After a few hours of relaxing in our room, Bob came to pick us up for dinner. We drove from our hotel towards the old section of town and on the way we began to notice the large population of Chinese military. Every street corner, every rooftop, every alleyway had them. Eight armed soldiers with machine guns and riot shields to guard a gas station, four to guard an entrance down one street with another four on the opposing corner. The Chinese had an oppressive force here which has clearly extinguished any thought of an uprising. Somehow nearly a 1:1 ratio of armed soldiers seems excessive against prayer wheel wielding peasants.
Once we made it to our destination, and up the arduous and time consuming climb to the second floor restaurant(there must have been at least 12 steps), we enjoyed our first view of the old city Lhasa . This was my first meal with Yak. As the saying goes “when in Rome ” and dads motto “just try it”, I ordered the yak curry, and once again Dad did not heed his own words and had the chicken curry. As far as yak goes, it’s the best I have ever had, dad on the other hand didn’t find his chicken curry, which was more of a chicken cartilage and bone curry, nearly as satisfying. After a quick fireworks show, when one of the many criss-crossed wires, so typical in 3rd world countries, shorted out just outside our window we headed on back to the hotel for our big next day.

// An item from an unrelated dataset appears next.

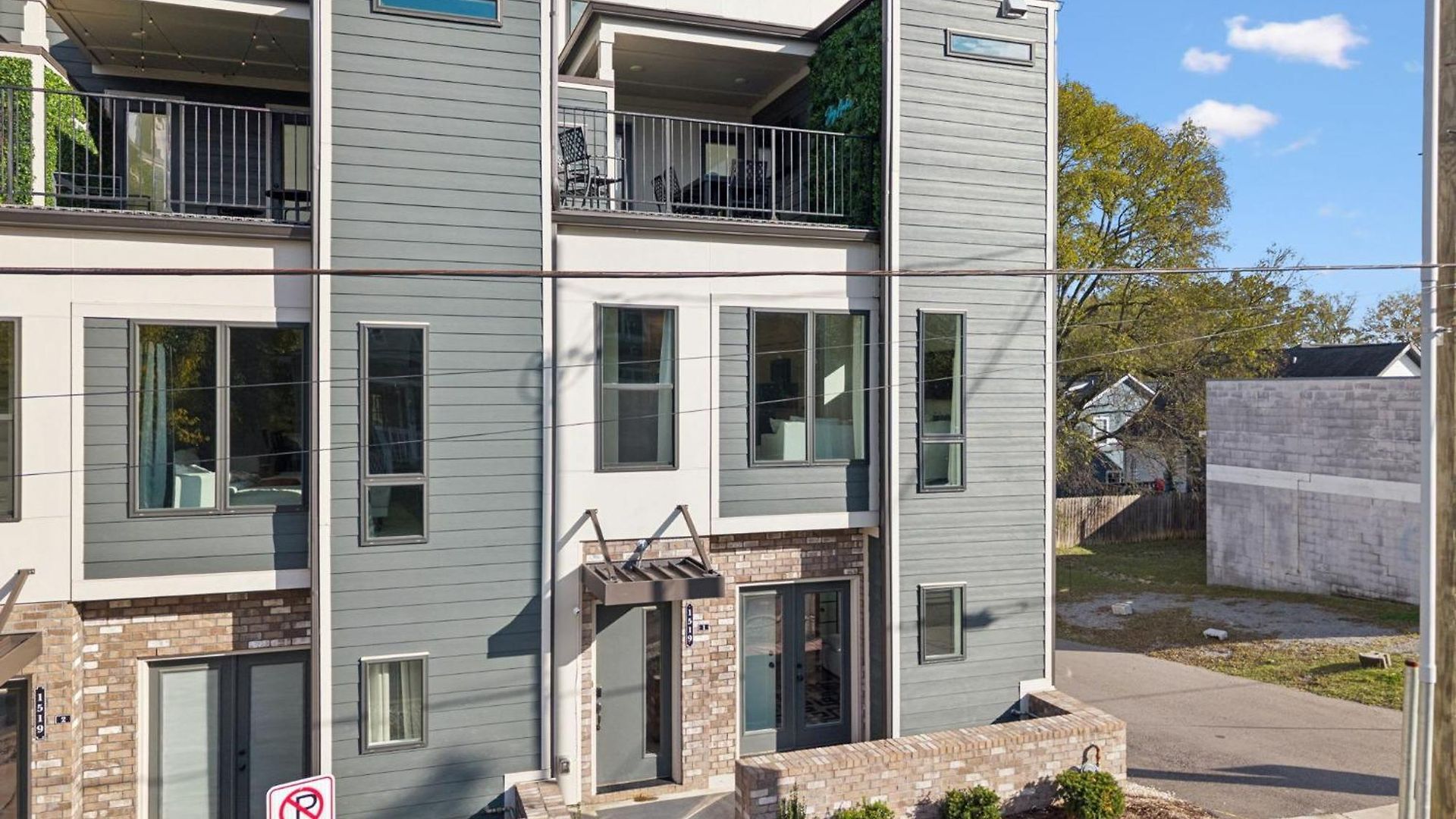 New Nash Modern Luxurious Space W Rooftop Views Holiday home Nashville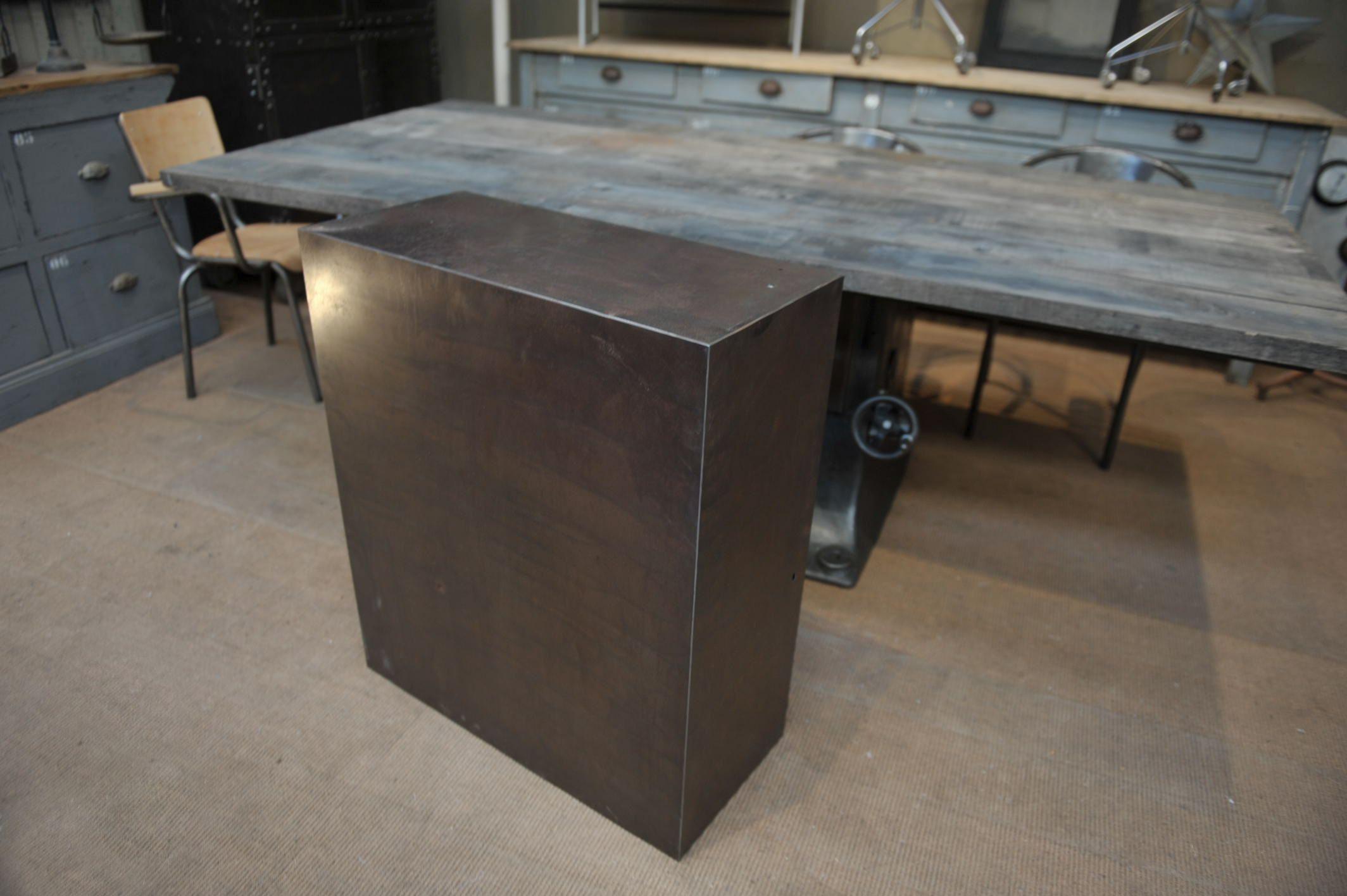 Meuble bas industriel 2 tiroirs 1950s en vente 3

The next morning we woke early and headed down to our hotel breakfast buffet. What surprises would lye in store for us today? It mostly consisted of mystery meat and random dishes that were either inedible due to sanitary reason or they just looked gross. We settled on toast and eggs that are fried in their equivalent volume of oil. I also tried the local drink of Yak Butter Tea, the name very accurately describes the taste…After our satisfying meal we headed off to the Potola Palace , which is the seat of both religion and politics in Tibet .
The Potola is an amazing structure. Sitting on top of a small hill in the middle of the city it is truly an imposing structure, and much bigger than we originally had expected. Upon arrival, and providing your Tibet visa again, you are surrounded by peasants that are on their pilgrimage to pay homage to the Dali Lama. In one hand they have there personal prayer wheel, the other, spinning the thousands of other prayer wheels found around the border of the Potola. It requires three circles around the Potola to complete your pilgrimage in increase your enlightenment, we made it once…
The stairs up the front of the Potola were tough for us, but we were able to do it as we were both in much better shape than we were the day before. Upon reaching the top courtyard we were able to hear a Tibetan chant by women who were beating some drums off in the distance as we soaked in the surreal vista. The inside of the Potola was equally as impressive as the exterior. The rooms housed prayer rooms, yak butter candles, and gigantic golden Budhas made from thousands of kilos of gold and precious stones. Some of the rooms felt far to large to be inside of the structure. Bob introduced us to what seemed to be hundreds of types of Budhas, between the two of us I think we can name three.
After our visit to the Potola we went to many other places and had meals that we ….. ate… Most of my meals consisted of Yak: yak dumplings, yak on a stick, chopped yak, ohh the numerous ways to enjoy yak. The menus at most places had a wonderful “chinglish” translation that was always more enjoyable than the meal, which was not difficult. The best was when our guide took us to the best international French Cuisine that Tibet had to offer. Yak Au Pov, Yak Burgeon, Yak Fricassee, the possibilities and dishes with yak are endless. Not only did the food taste terrible in Tibet the presentation was on par with the flavor. I highly doubt that any fine French restauarant would serve their Yak au Pov in a way that made it look like an overcooked cow pie, surely they would have the proper garnishment. The good news about the food was we both lost a kilo while in Tibet .
Among the other sites we saw were the Sera monastery, which is an active monastery in Lhasa and is built on a mountain overlooking the city. The highlights here were the idols and Budhas painted and carved onto rocks around the monastery. We also went to the Barkhor market which is an endless maze in the old part of Tibet that contain what seemed to be thousands of street vendors selling items ranging from yak butter to blenders. At the far end of the market we went into the Jokhang Temple which offered great views overlooking the Barkhor and of the Potola.
Our final day in Tibet we had the unique opportunity to travel into the countryside to a remote monastery. Along the three hour drive out, we were able to see farmers cut hay and barley by hand with a hand scythe. We went into a working mill that was about as archaic as they come. We got lightheaded again as we climbed to 14,400 feet and walked up stairs in and around the monastery. We saw yaks. It was a good day.